What is expected: Repeat the data that follows exactly, starting at the line with "ベッドアンドブレックファースト Woodside Rogers Residence" and ending at the line with "Front and side", and leave out every picture.

== Provided records

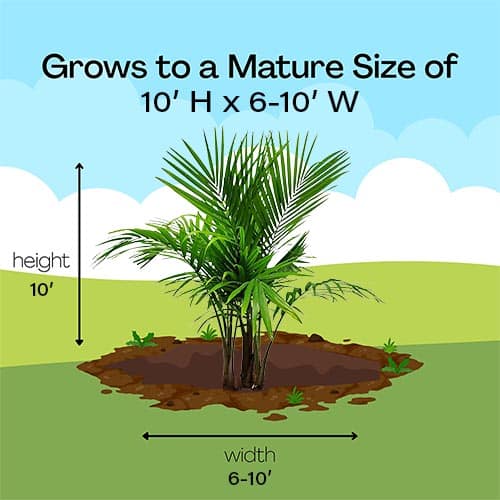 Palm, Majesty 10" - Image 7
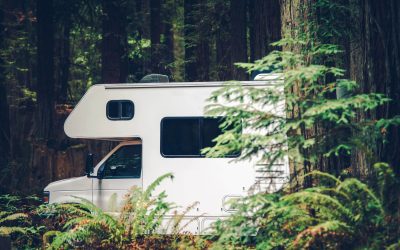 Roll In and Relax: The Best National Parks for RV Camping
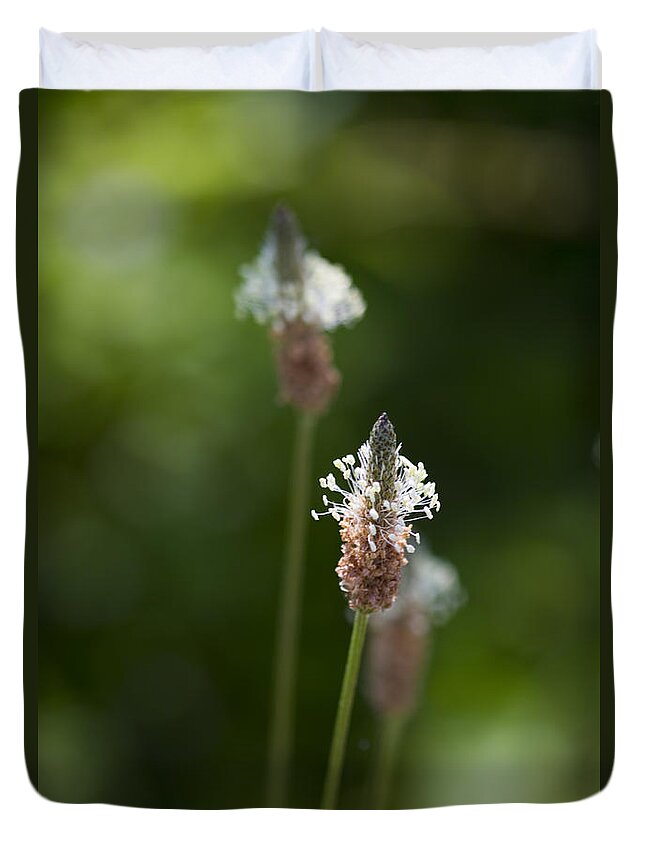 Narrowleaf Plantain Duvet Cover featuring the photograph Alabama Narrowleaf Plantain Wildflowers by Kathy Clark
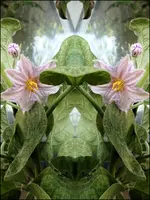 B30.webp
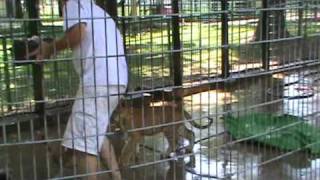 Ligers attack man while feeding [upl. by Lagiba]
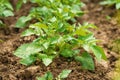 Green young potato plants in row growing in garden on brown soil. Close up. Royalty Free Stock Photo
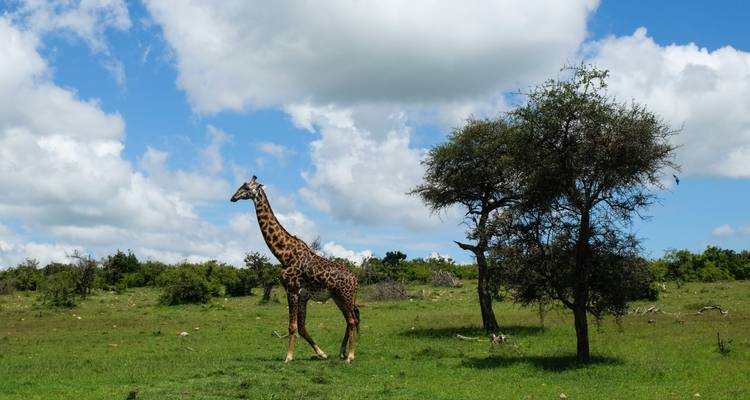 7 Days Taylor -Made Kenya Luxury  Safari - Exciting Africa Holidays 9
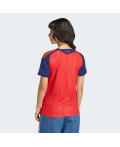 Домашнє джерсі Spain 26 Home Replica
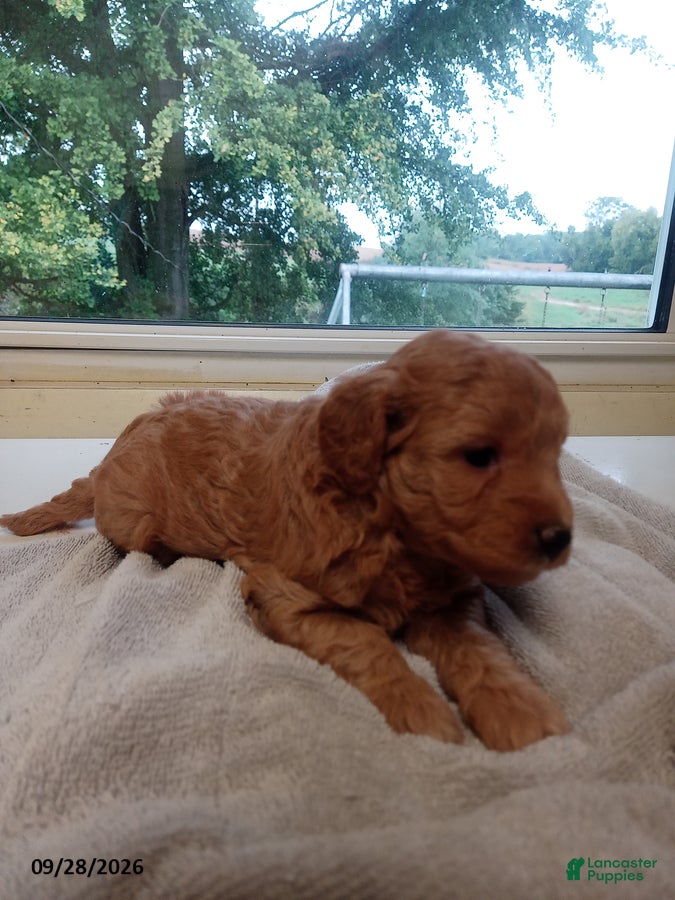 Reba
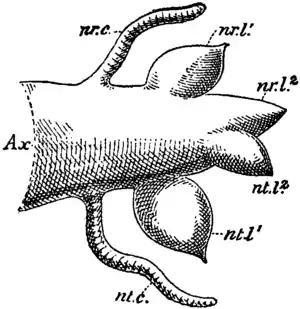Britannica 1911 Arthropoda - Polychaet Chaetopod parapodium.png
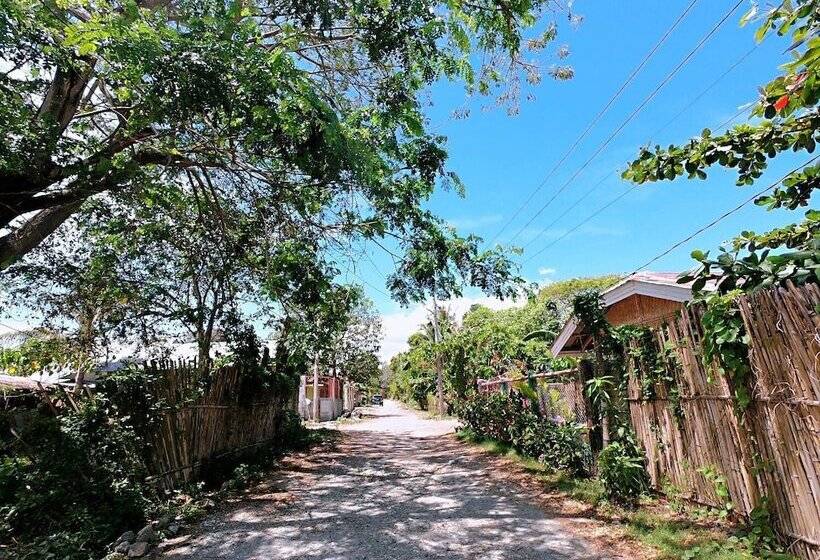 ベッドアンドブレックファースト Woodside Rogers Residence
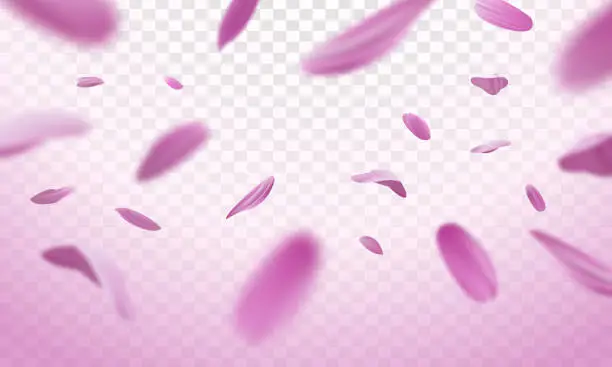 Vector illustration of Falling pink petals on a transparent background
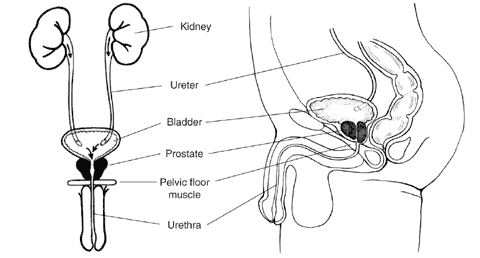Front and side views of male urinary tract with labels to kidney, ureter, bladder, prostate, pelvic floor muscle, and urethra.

====
== Provided records

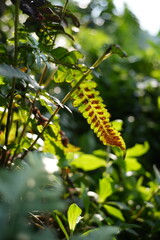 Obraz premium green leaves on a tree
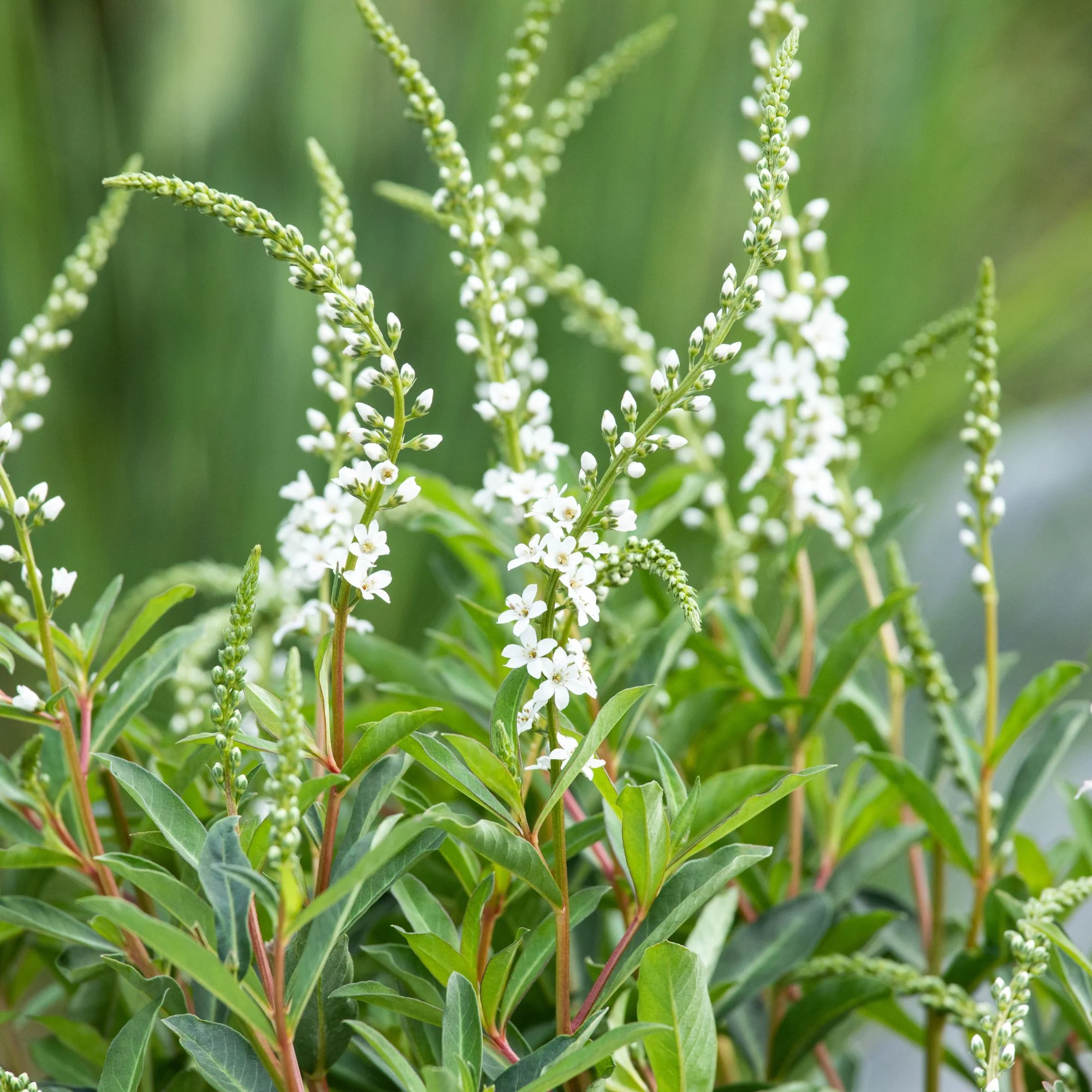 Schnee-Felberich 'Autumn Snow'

====

Response area:
 ベッドアンドブレックファースト Woodside Rogers Residence
 Vector illustration of Falling pink petals on a transparent background
Front and side views of male urinary tract with labels to kidney, ureter, bladder, prostate, pelvic floor muscle, and urethra.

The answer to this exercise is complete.